Segment Start: LISTED RECORDS
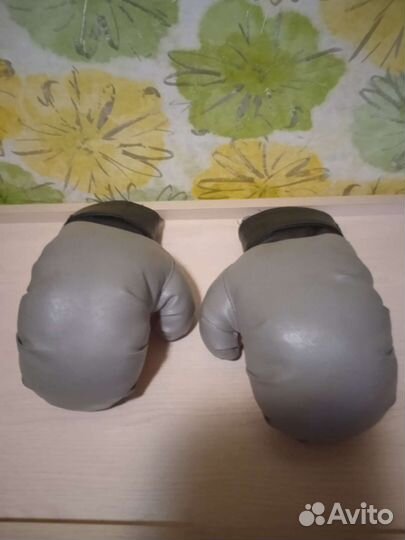 Боксерские перчатки и груша детская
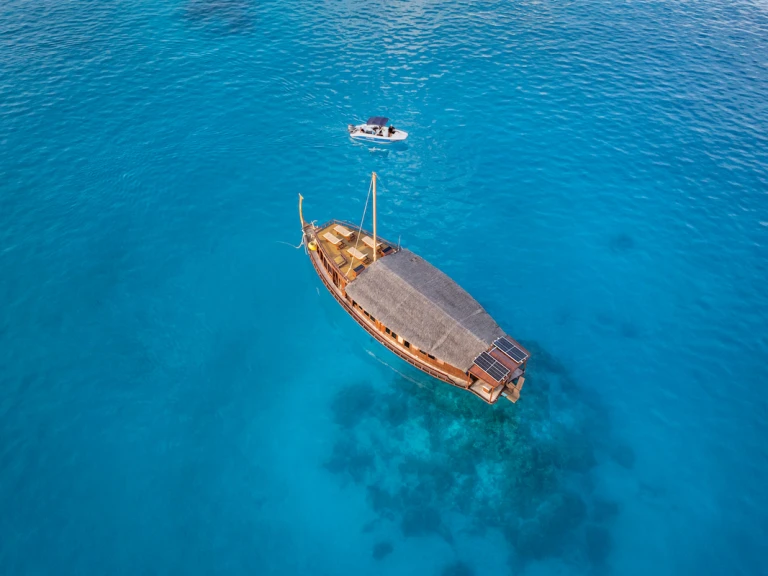 Hire Luxury Yacht  with a boat licence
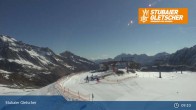 Archived image Webcam Stubai Glacier - View Top Station Murmele 08:00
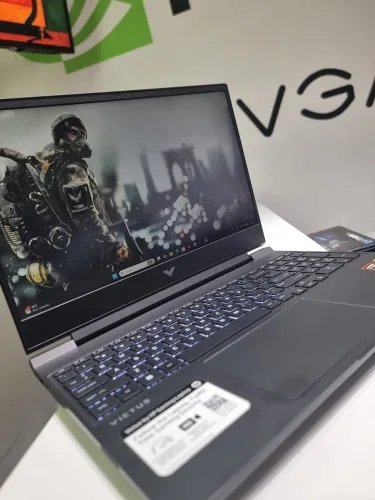 HP VICTUS 15 RYZEN 5 / 32GB RAM / RTX 4050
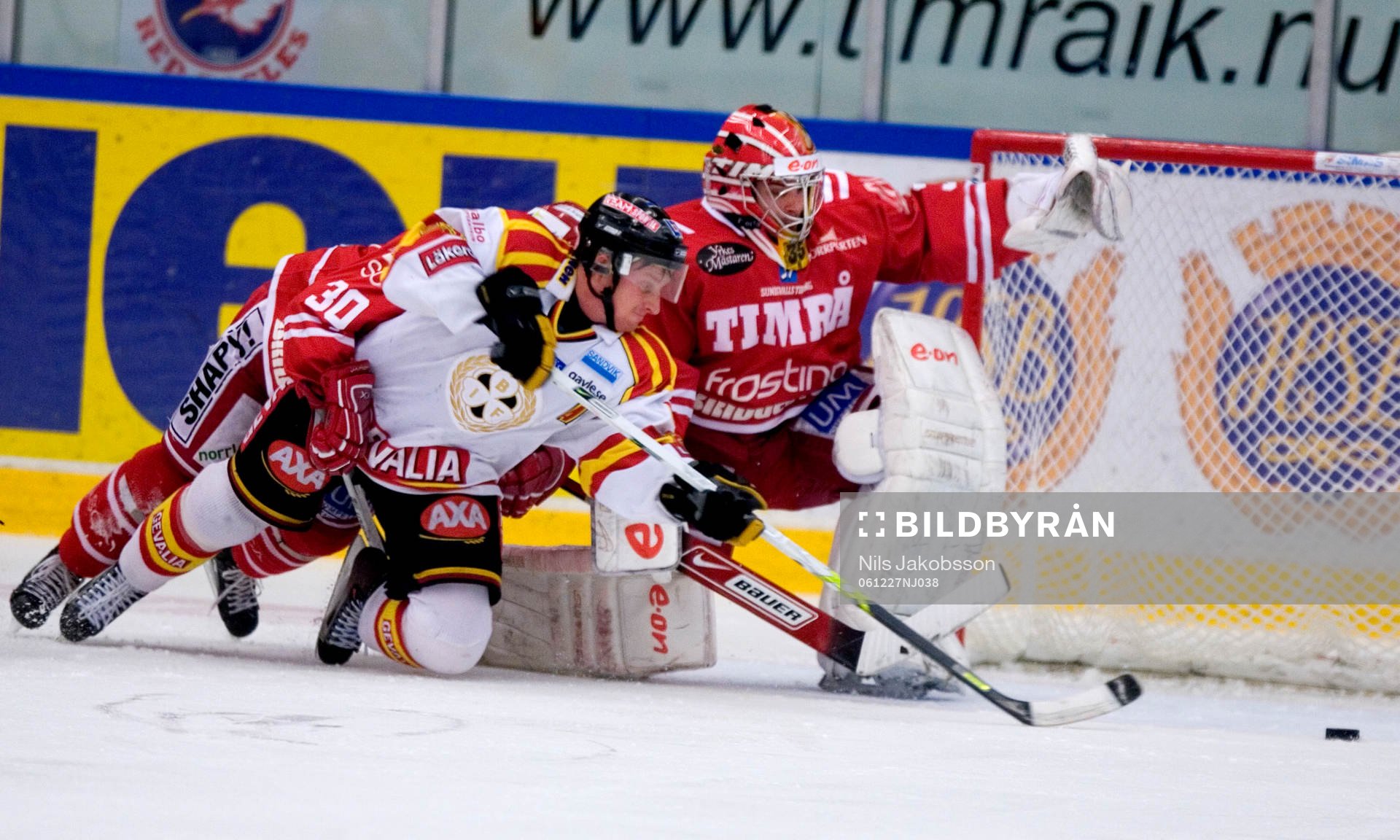 Björn Danielsson, Brynäs, gör mål på Johan Asplund,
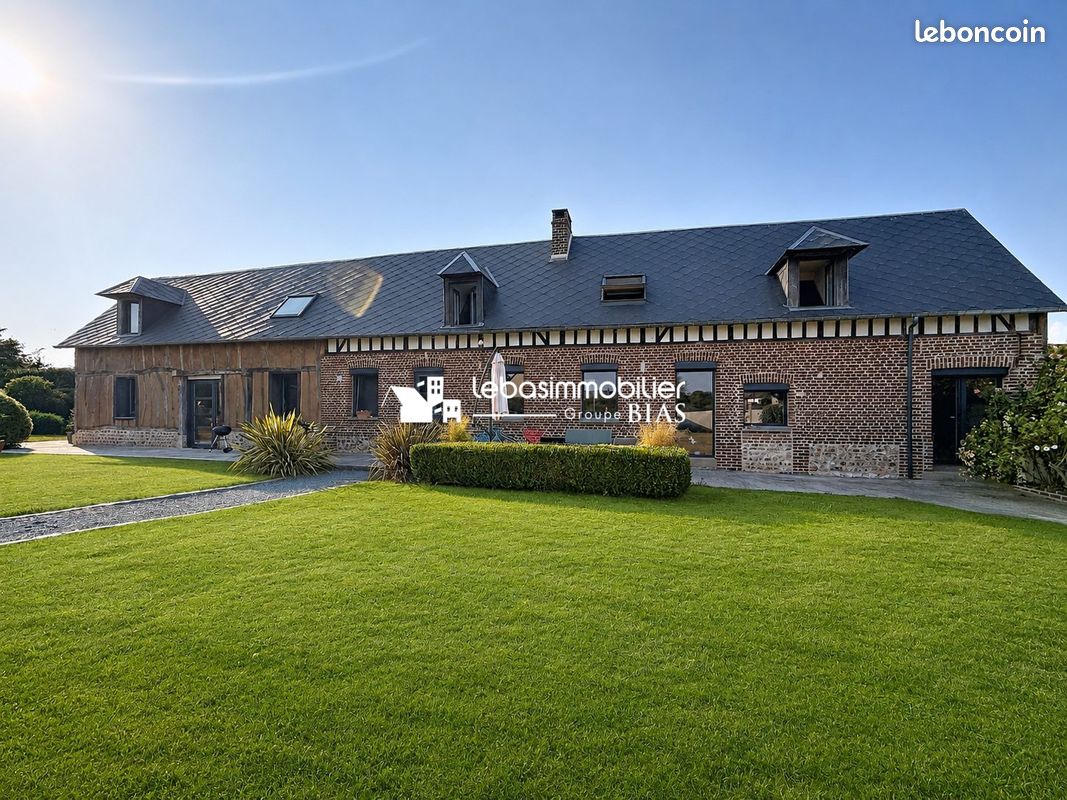 Maison 6 pièces 220 m² · à Yvetot · 220 m² · 409 500 €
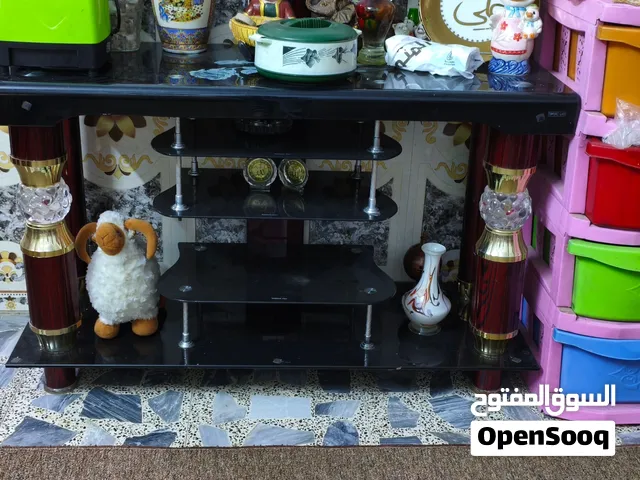 ميز تلفزيون زجاج
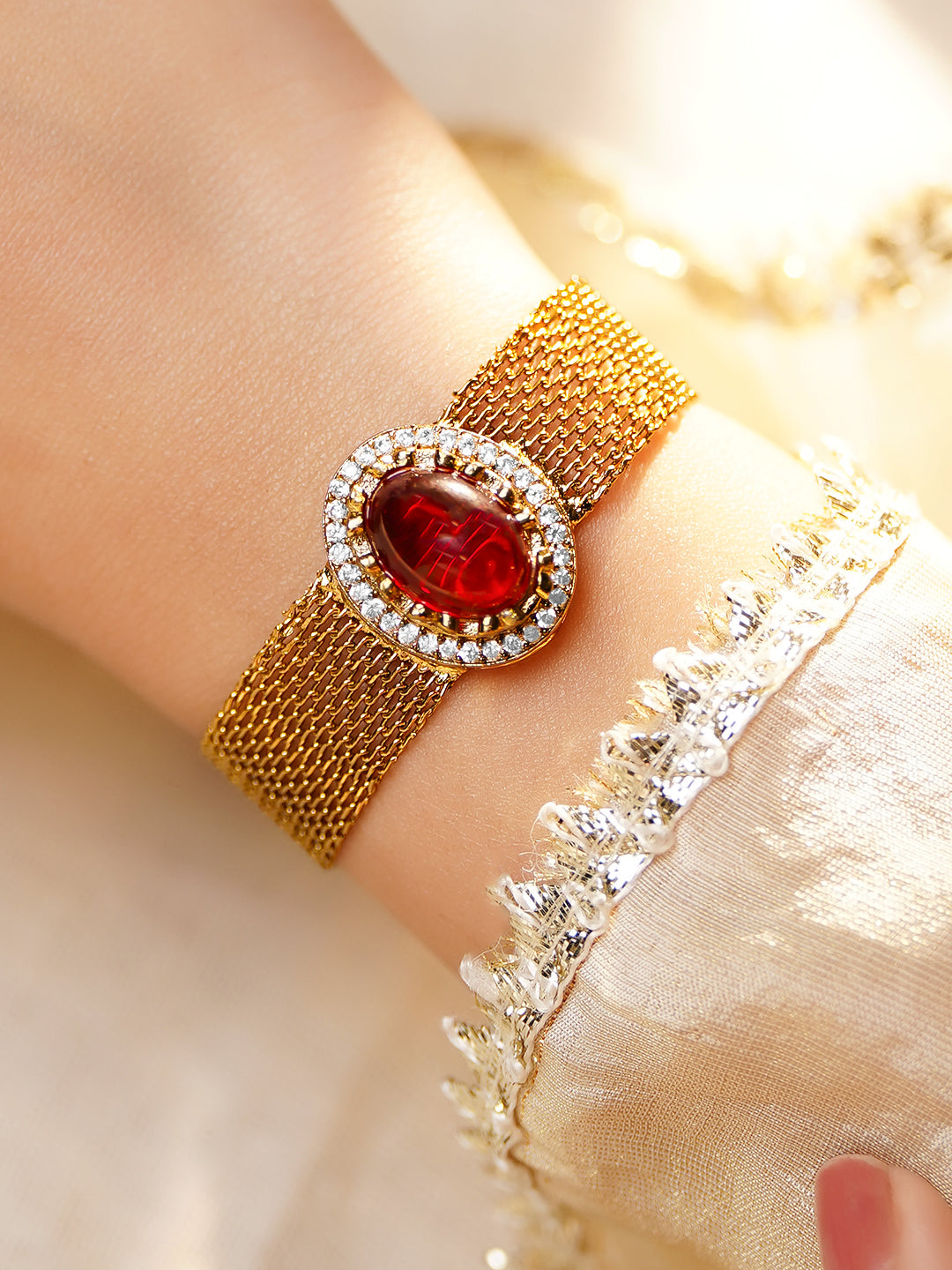 Lux Ruby Gemstone Mesh Statement Bracelet フリーサイズ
Segment End: LISTED RECORDS
Line by line, print the records above exactly, skipping each picture.

 Боксерские перчатки и груша детская
 Hire Luxury Yacht  with a boat licence
 Archived image Webcam Stubai Glacier - View Top Station Murmele 08:00
 HP VICTUS 15 RYZEN 5 / 32GB RAM / RTX 4050
 Björn Danielsson, Brynäs, gör mål på Johan Asplund,
 Maison 6 pièces 220 m² · à Yvetot · 220 m² · 409 500 €
 ميز تلفزيون زجاج
 Lux Ruby Gemstone Mesh Statement Bracelet フリーサイズ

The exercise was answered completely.